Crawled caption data
»»

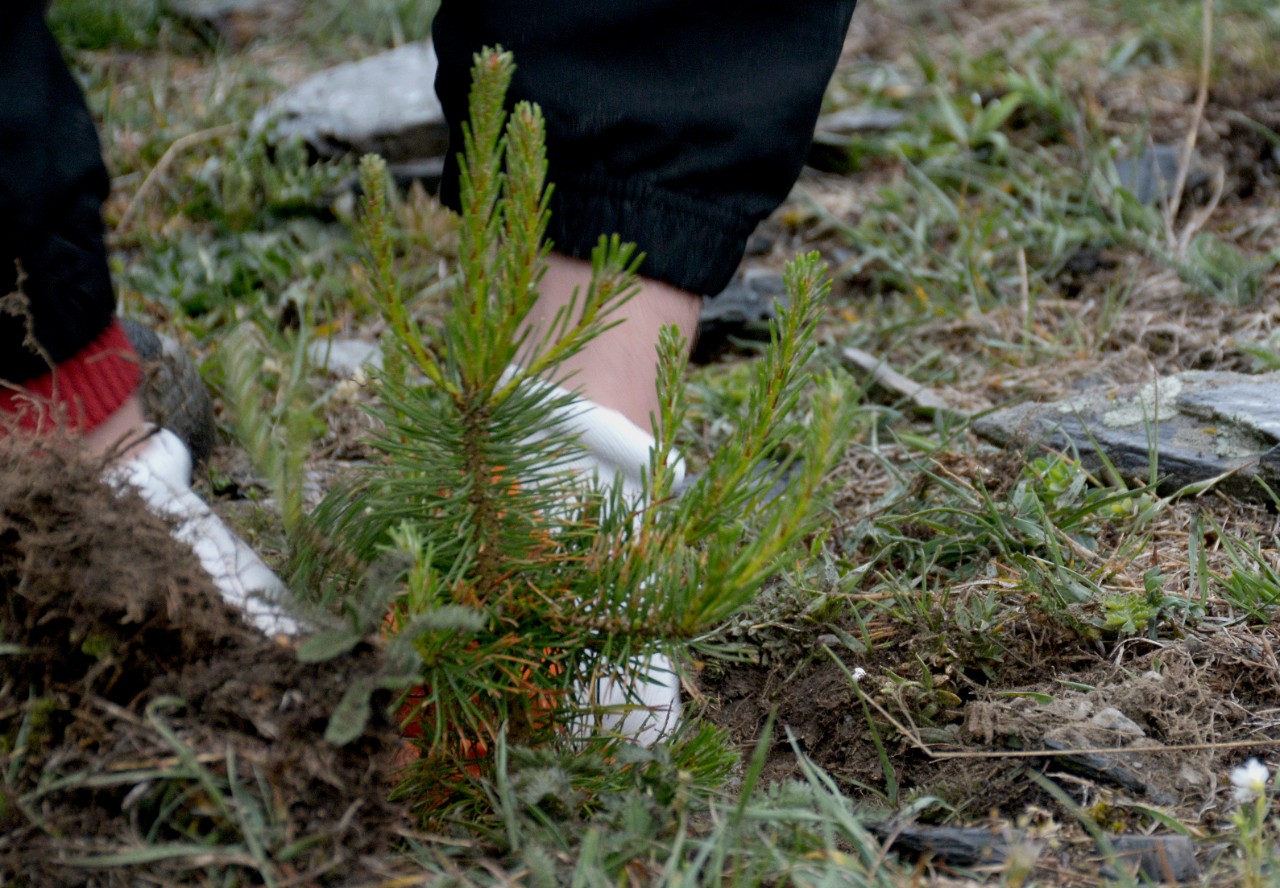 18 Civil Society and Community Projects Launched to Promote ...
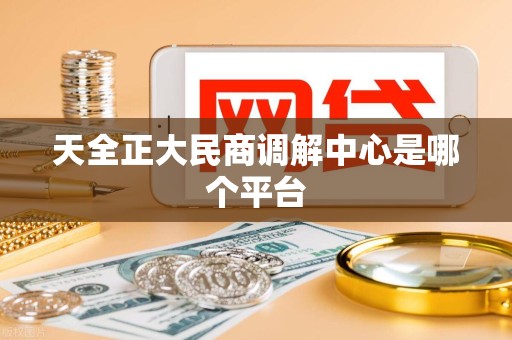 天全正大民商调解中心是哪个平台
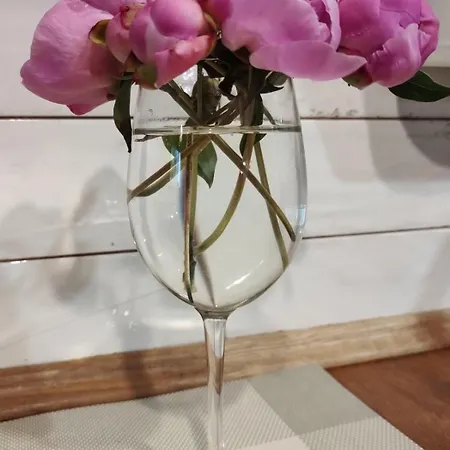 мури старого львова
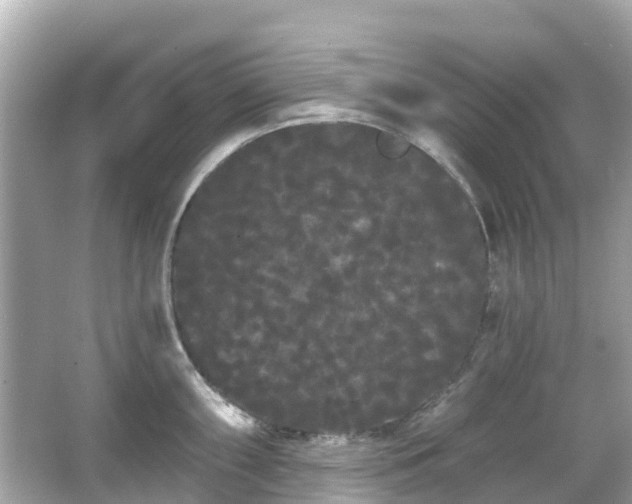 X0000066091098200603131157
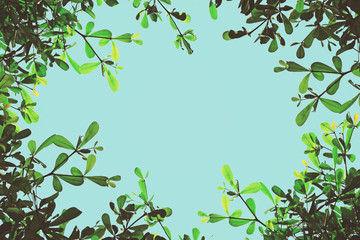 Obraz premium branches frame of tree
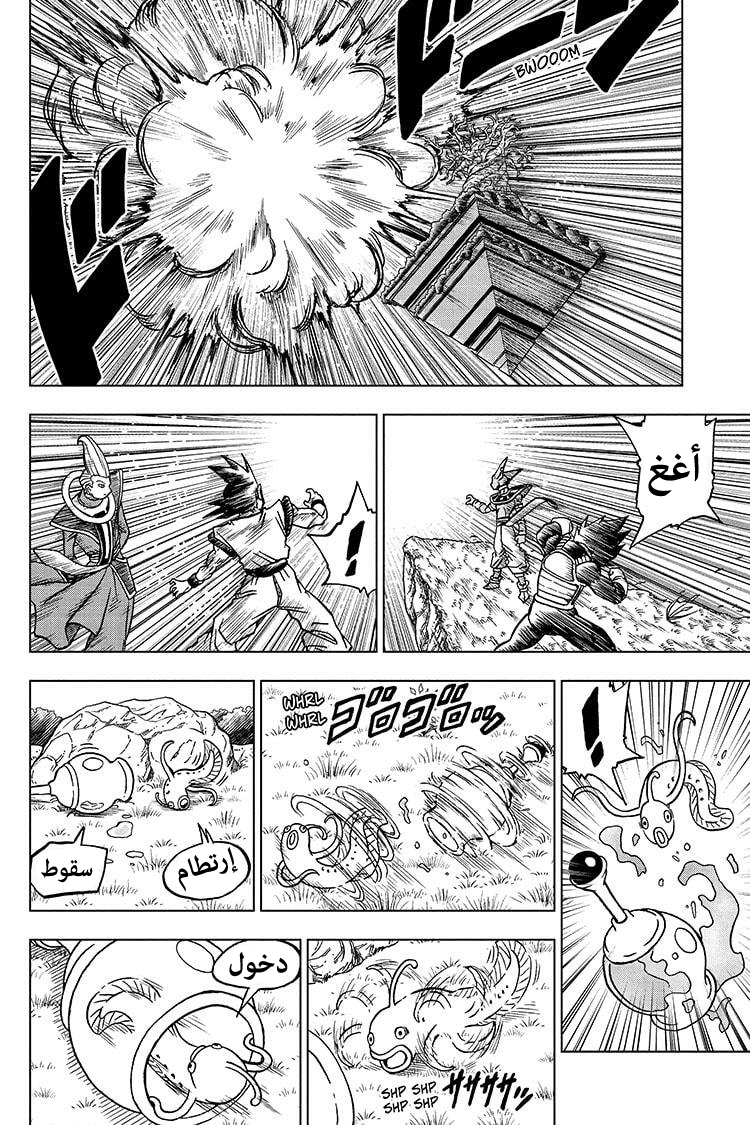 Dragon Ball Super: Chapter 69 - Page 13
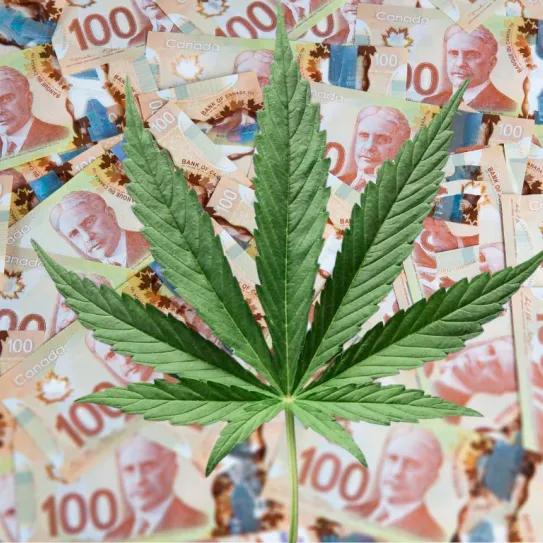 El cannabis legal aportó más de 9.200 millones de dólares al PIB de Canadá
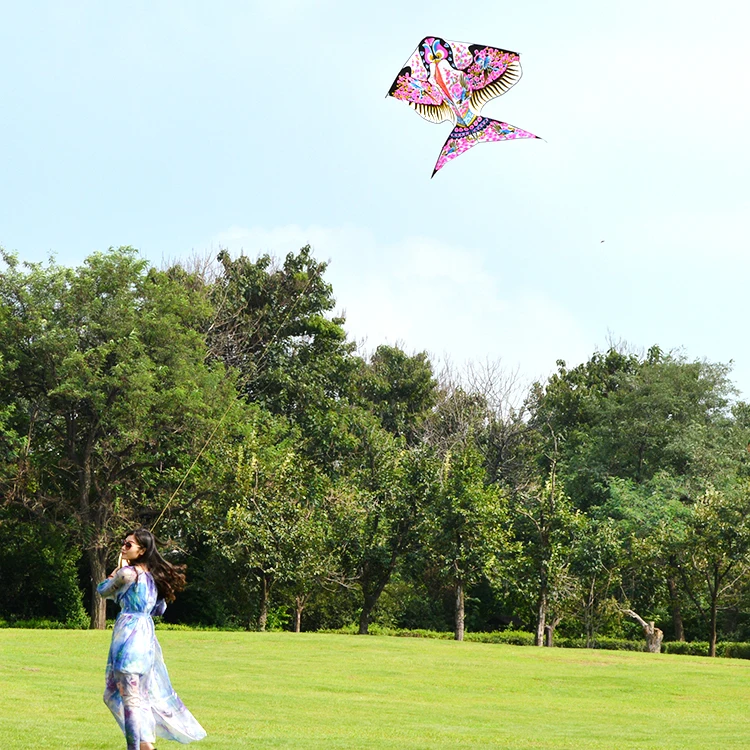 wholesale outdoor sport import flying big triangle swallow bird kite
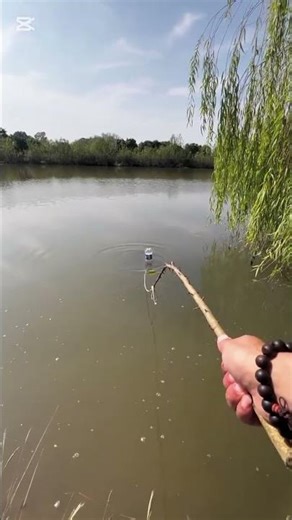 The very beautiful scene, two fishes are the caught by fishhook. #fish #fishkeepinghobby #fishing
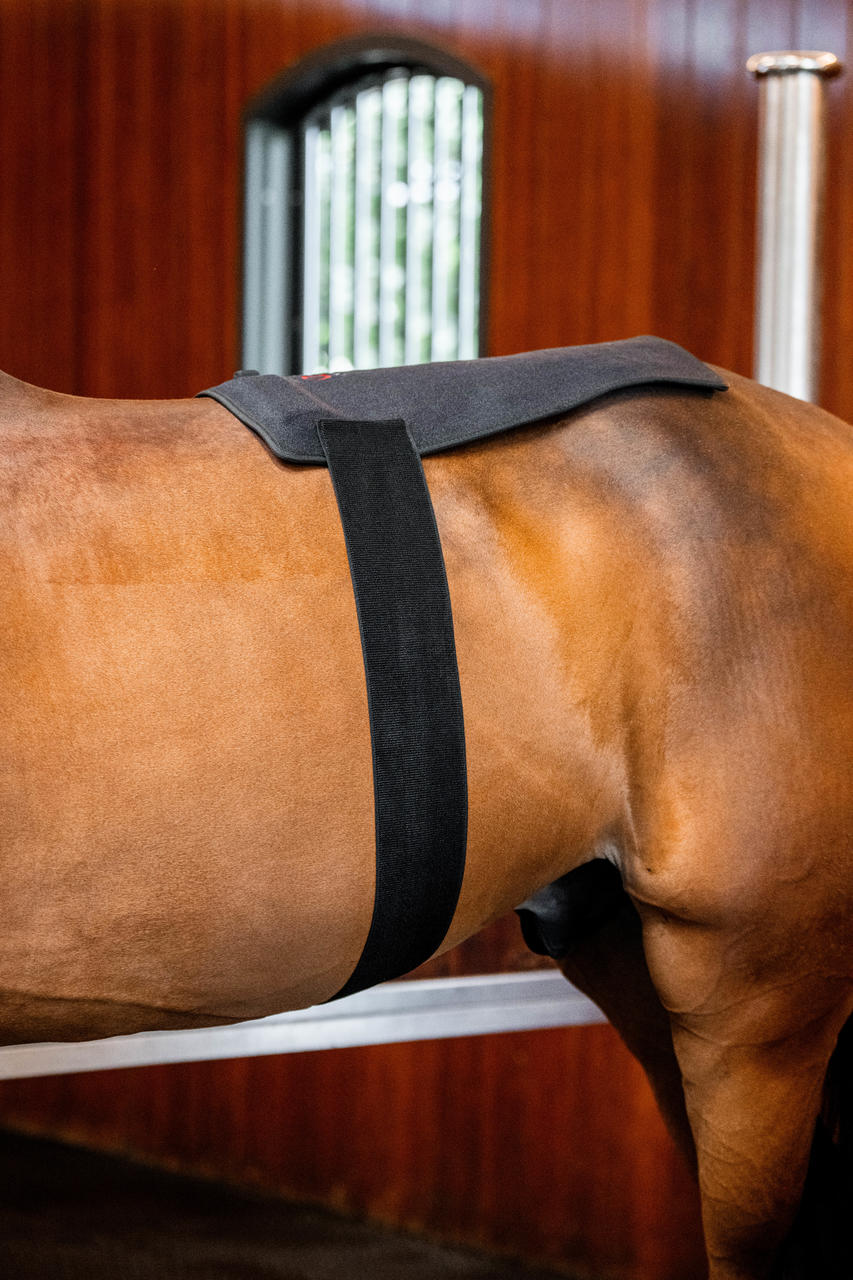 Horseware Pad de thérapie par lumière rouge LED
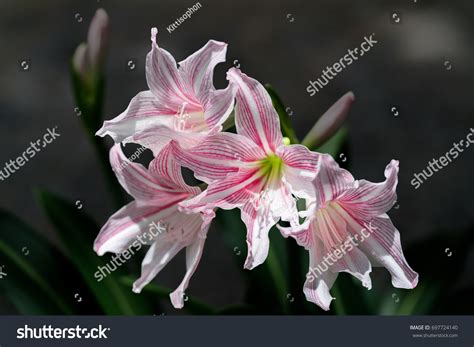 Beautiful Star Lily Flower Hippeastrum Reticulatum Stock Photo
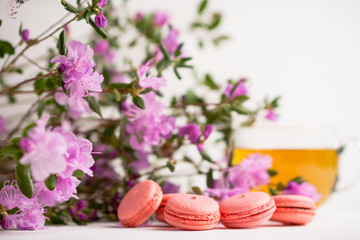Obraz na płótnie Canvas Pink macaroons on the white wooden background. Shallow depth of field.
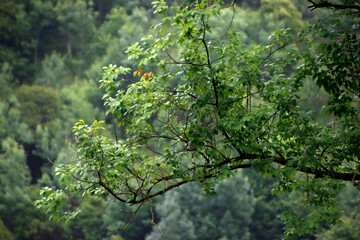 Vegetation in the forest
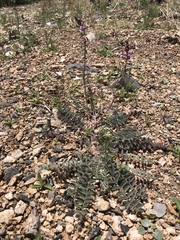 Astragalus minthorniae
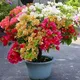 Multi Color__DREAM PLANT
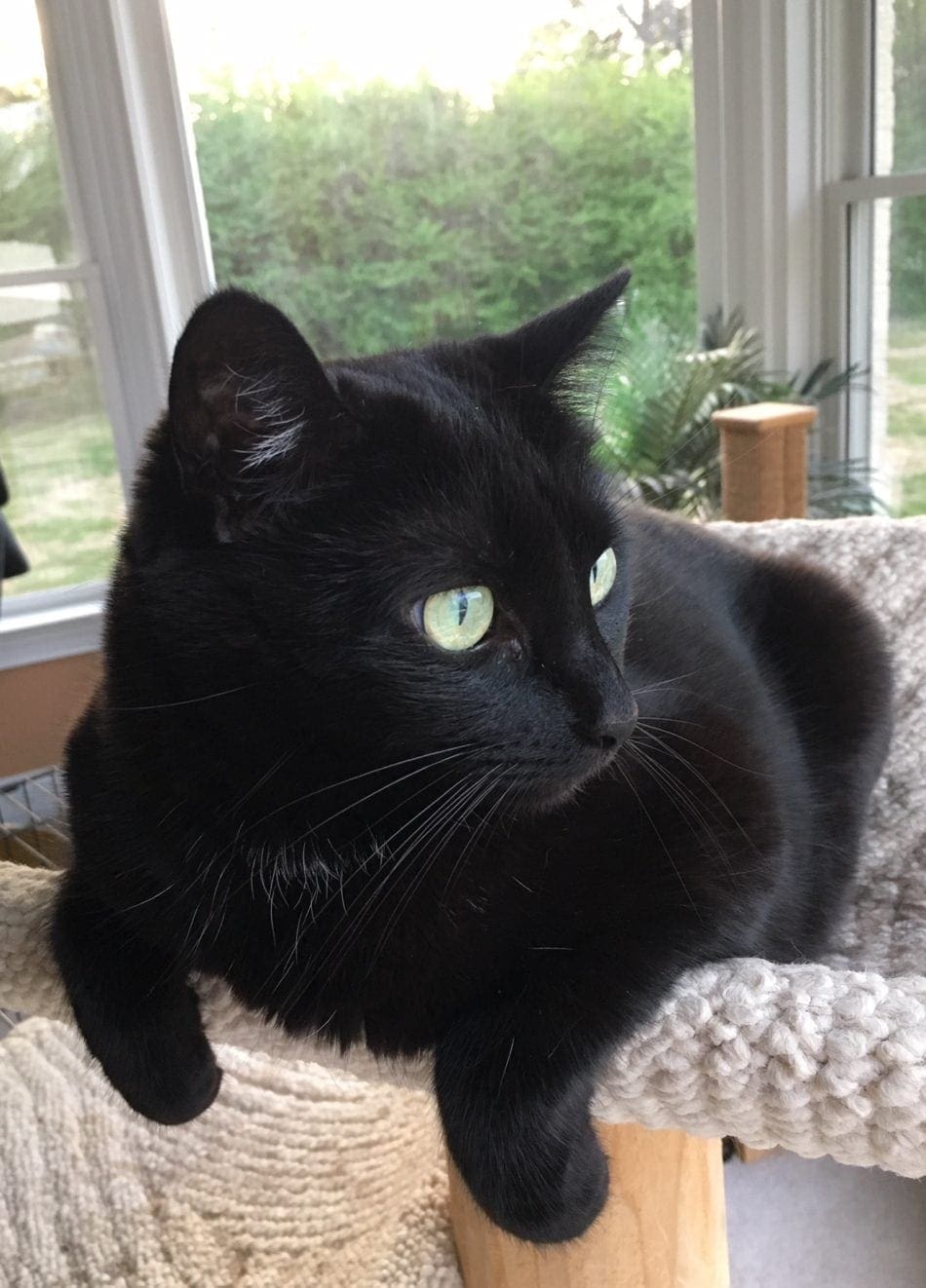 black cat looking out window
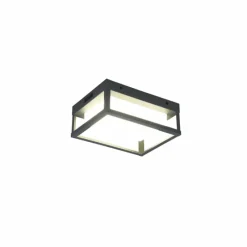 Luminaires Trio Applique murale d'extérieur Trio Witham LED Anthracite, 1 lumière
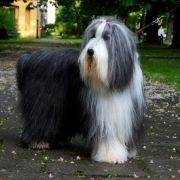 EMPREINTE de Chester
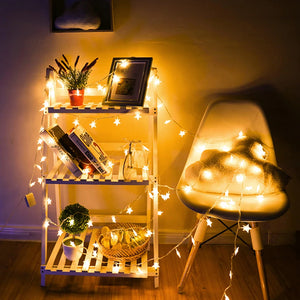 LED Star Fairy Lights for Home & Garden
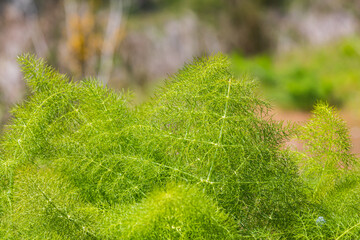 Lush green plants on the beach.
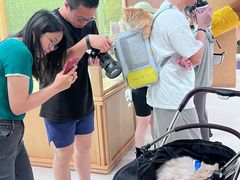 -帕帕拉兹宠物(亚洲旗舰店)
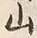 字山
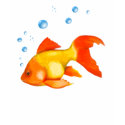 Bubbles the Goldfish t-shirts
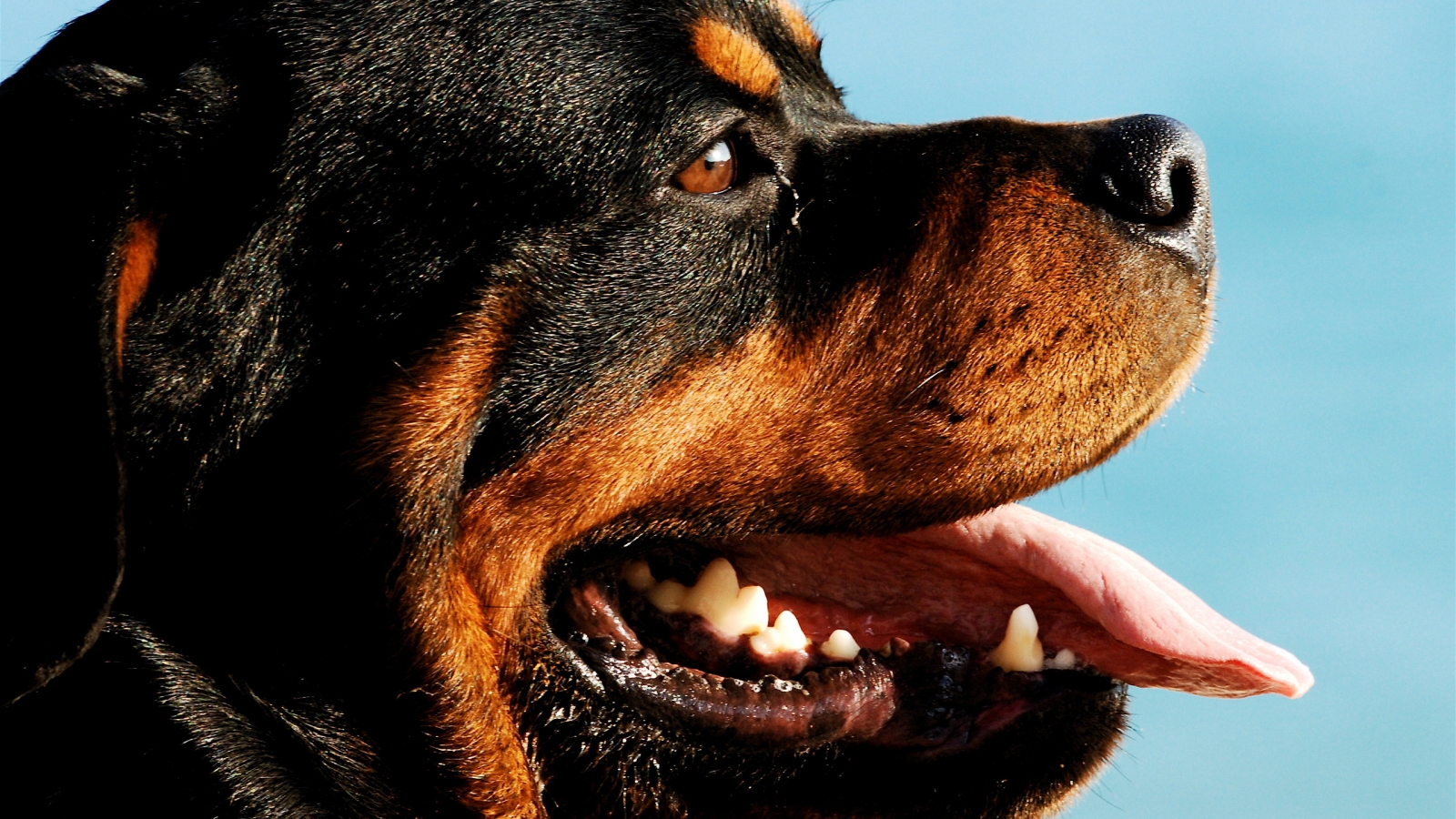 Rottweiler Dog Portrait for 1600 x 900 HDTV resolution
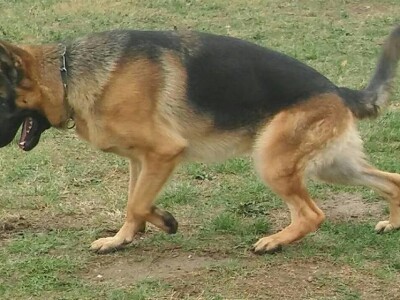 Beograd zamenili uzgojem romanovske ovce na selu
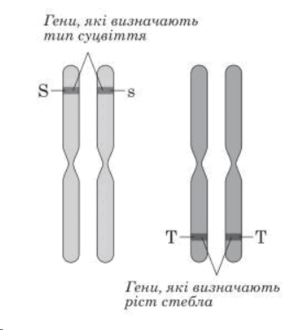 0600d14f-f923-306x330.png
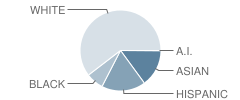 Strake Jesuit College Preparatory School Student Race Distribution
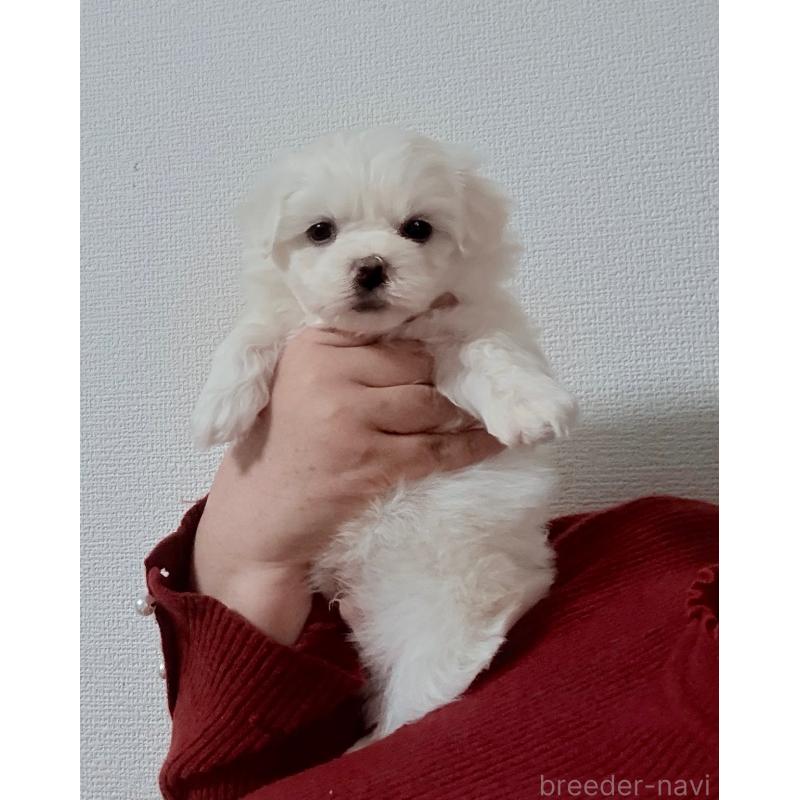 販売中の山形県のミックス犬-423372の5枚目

««

**Work to be completed:** Nothing but the lines from the one that contains "Bubbles the Goldfish t-shirts" through the last line of the records belongs in the answer, reproduced exactly, with no pictures.

**Problem solution:**
 Bubbles the Goldfish t-shirts
 Rottweiler Dog Portrait for 1600 x 900 HDTV resolution
 Beograd zamenili uzgojem romanovske ovce na selu
 0600d14f-f923-306x330.png
 Strake Jesuit College Preparatory School Student Race Distribution
 販売中の山形県のミックス犬-423372の5枚目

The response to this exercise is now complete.